→ Prompt:
Write out the data exactly, please, and omit the pictures.

→ Provided data:

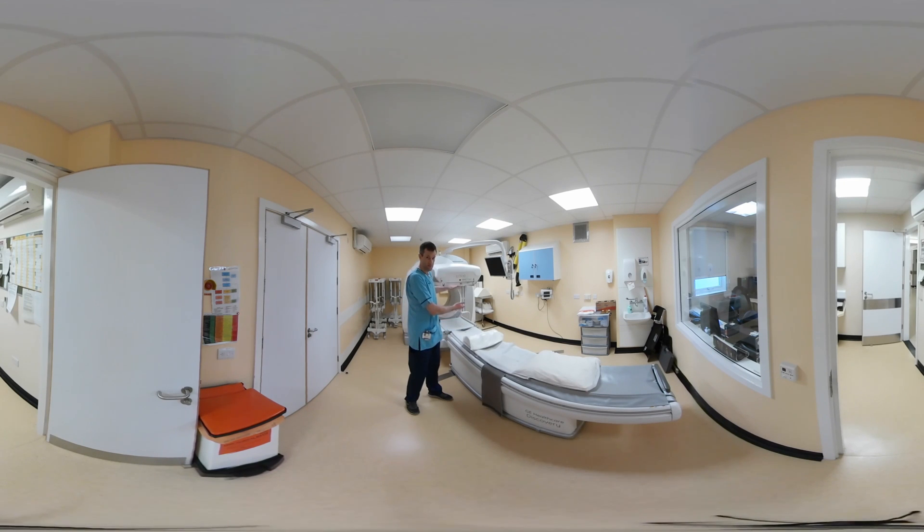The detectors will come down rather close for the scan, but they have infrared sensors in the front, so they can tell where you are and they will not touch you. The scans themselves should last about 20 to 30 minutes.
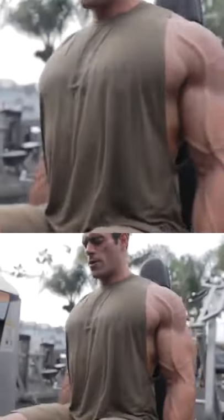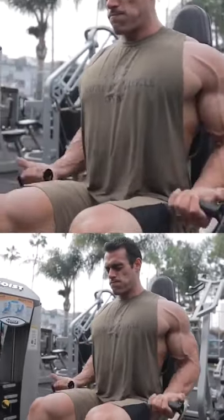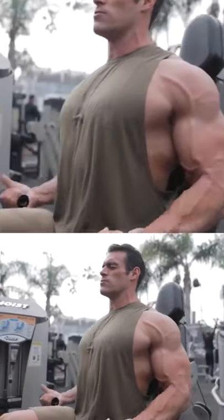Good, there you go, good. That's it, feel that pressure on the pinky, there you go.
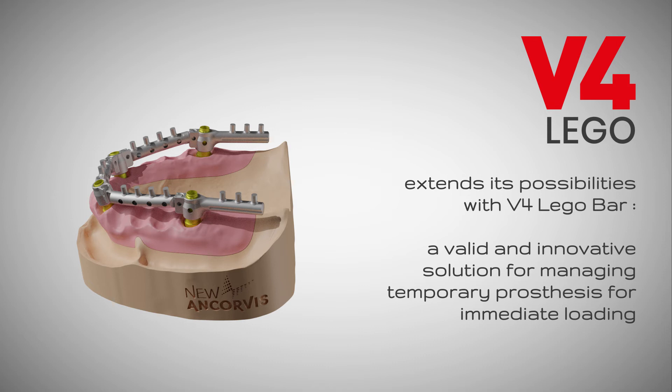The various components can be assembled with laser welding or by using dual composite cements.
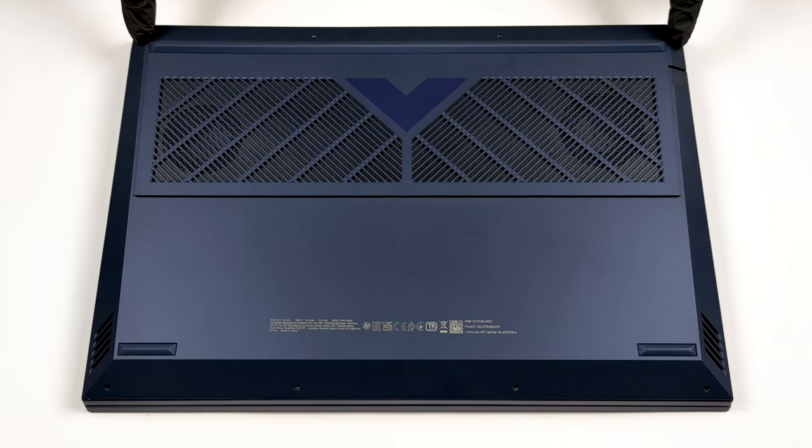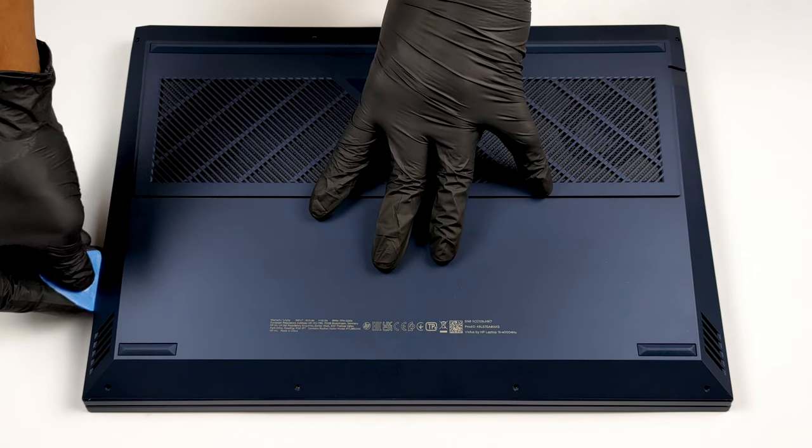Hello, this is Laptop Media, and today we will show you how to open the AMD version of the HP Victus 16 and what's inside of it.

→ Solved exercise:
The detectors will come down rather close for the scan, but they have infrared sensors in the front, so they can tell where you are and they will not touch you. The scans themselves should last about 20 to 30 minutes.
Good, there you go, good. That's it, feel that pressure on the pinky, there you go.
The various components can be assembled with laser welding or by using dual composite cements.
Hello, this is Laptop Media, and today we will show you how to open the AMD version of the HP Victus 16 and what's inside of it.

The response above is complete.